===== Extracted data

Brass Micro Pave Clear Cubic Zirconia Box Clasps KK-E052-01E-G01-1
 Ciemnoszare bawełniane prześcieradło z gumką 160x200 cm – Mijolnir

==========
===== Extracted data

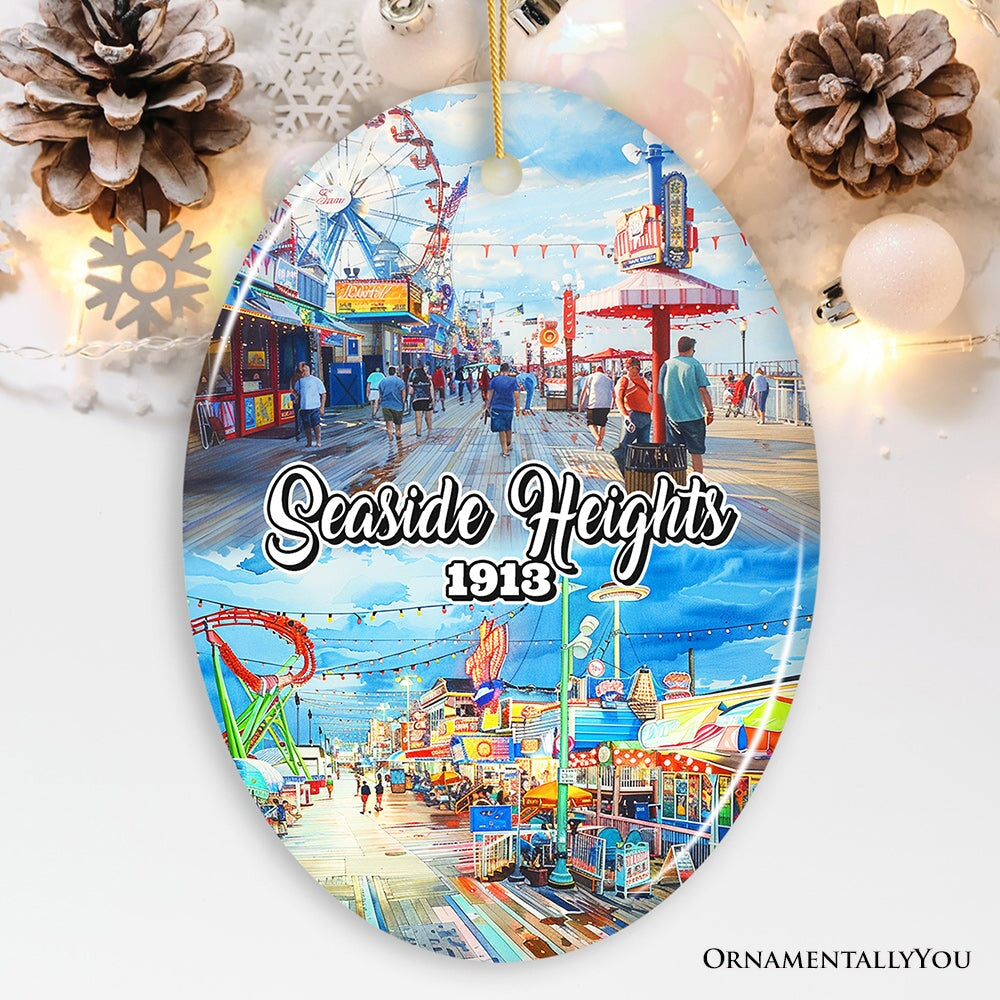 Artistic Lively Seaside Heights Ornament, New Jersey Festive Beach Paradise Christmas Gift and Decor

==========

What is expected:
Where the line holding "Brass Micro Pave" appears in the listing above, start reproducing exactly, and end with the line holding "Ciemnoszare bawełniane prześcieradło".

Exercise result:
Brass Micro Pave Clear Cubic Zirconia Box Clasps KK-E052-01E-G01-1
 Ciemnoszare bawełniane prześcieradło z gumką 160x200 cm – Mijolnir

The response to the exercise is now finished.